BOSTON (CBS) -- Kemba Walker's days in Boston are over.
The Celtics have found a trade partner for the veteran point guard and are sending him to Oklahoma City, according to ESPN's Adrian Wojnarowski.
The Celtics will receive Al Horford -- who played for the Celtics from 2016-19 -- in return.
The Celtics are also sending the No. 16 overall pick in the 2021 draft and 2025 second-round draft pick to the Thunder, while Oklahoma City is also including Moses Brown and a 2023 second-round pick to Boston.
"Kemba is a true professional and a great teammate and player," Celtics president of basketball operations Brad Stevens said. "I want to thank him for his tremendous impact, and the positive contribution he's made both to the Celtics and the City of Boston."
ESPN's Adrian Wojnarowski first reported the deal on Friday morning.
Walker signed with the Celtics in the summer of 2019, as Boston tried to find a high-caliber replacement for Kyrie Irving, who departed via free agency. Walker made the All-Star Game in his first Celtics season, averaging 20.4 points, 4.8 assists, and 3.9 rebounds per game. But injuries limited him to 56 of 72 regular-season games, and his numbers dipped when the regular season resumed in the Orlando bubble.

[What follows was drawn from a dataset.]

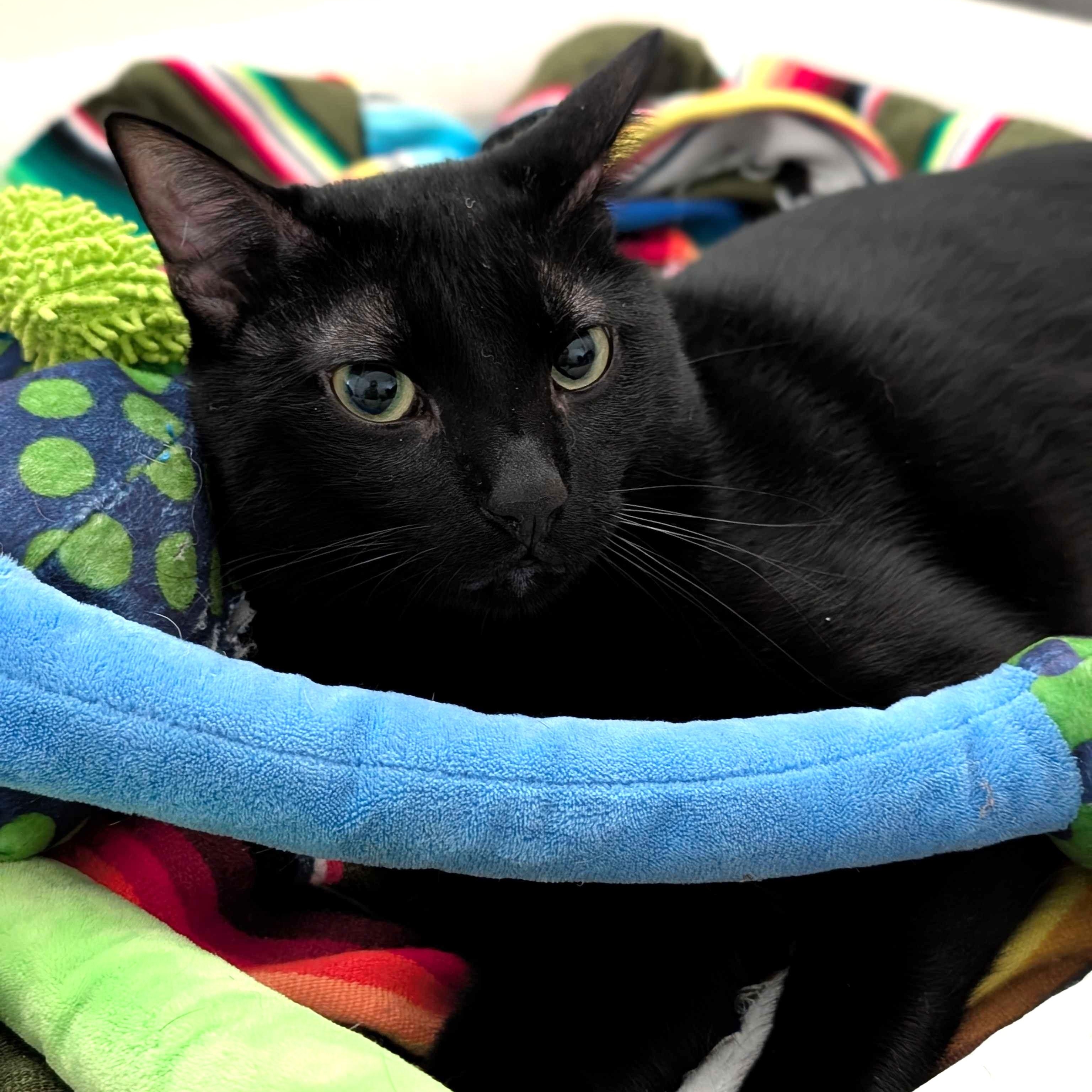Enlarge Jinx, a Adoptable Domestic Short Hair in Denver, CO image 3/6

In the playoffs, he averaged In the postseason for just the third time in his career, Walker averaged 19.6 points on 44.1 percent shooting (31.0 percent from 3-point range) with 5.1 assists and 4.1 rebounds per game as the Celtics lost in six games to the Heat in the Eastern Conference finals.
This past season, a knee injury forced a late start for Walker, who also didn't play on the second leg of back-to-backs. The team wanted Walker to be healthy for the end of the year, but injuries forced him to miss the final two games of the Celtics' five-game series loss the Brooklyn Nets. He had averaged just 12.7 points in his three playoff games, after averaging fewer than 20 points per game for the first time since the 2014-15 season.
Walker signed a four-year, $140.8 million contract in a sign-and-trade that got him to Boston. The 31-year-old has two years remaining on that deal. Walker is due to make over $36 million next season and $37.65 million in the 2022-23 season.
A five-time All-Star, Horford was a significant free-agent signing for the Celtics in the summer of 2016. A five-time All-Star, Horford earned spots on the All-Star Team in 2016 and 2018 with Boston. Anna Horford -- Al's sister -- reacted to Friday's news with a celebratory tweet:
Al retweeted his own "Celtic Pride!" tweet from 2016 before thanking the Thunder organization.
The 35-year-old Horford left the Celtics in free agency in the summer of 2019, signing a four-year, $109 million deal with the Philadelphia 76ers. His stay in Philly lasted just one season, as he was traded to Oklahoma City in December. He played in just 28 games for the Thunder, averaging 14.2 points and 6.7 rebounds, before the team shut him down in late March for the remainder of the year.
While Horford still carries a high salary -- $27 million next season and $26.5 million the year after that -- he does save the Celtics some critical dollars compared to Walker. Additionally, only $14.5 million is guaranteed to Horford in the 2022-23 season.
"Al played a critical role both on and off the court during his time in Boston, and we're excited to welcome he and his family back to the Celtics," said Stevens. "His ability to elevate teammates with his experience and leadership make for a great addition."
Moses Brown is a 7-foot-2 center who went undrafted in the 2019 draft. He played nine games for Portland as a rookie, playing very sparingly, before signing with the Thunder in December. He played in 43 games, starting 32 of them, averaging 8.6 points, 8.9 rebounds and 1.1 blocks in 21.4 minutes per game.
Stevens called Brown a "promising young player."
The trade marks the first move for Stevens after he moved from head coach to director of basketball operations, and it's certainly a significant one as the franchise tries to move forward after a disappointing 2020-21 season.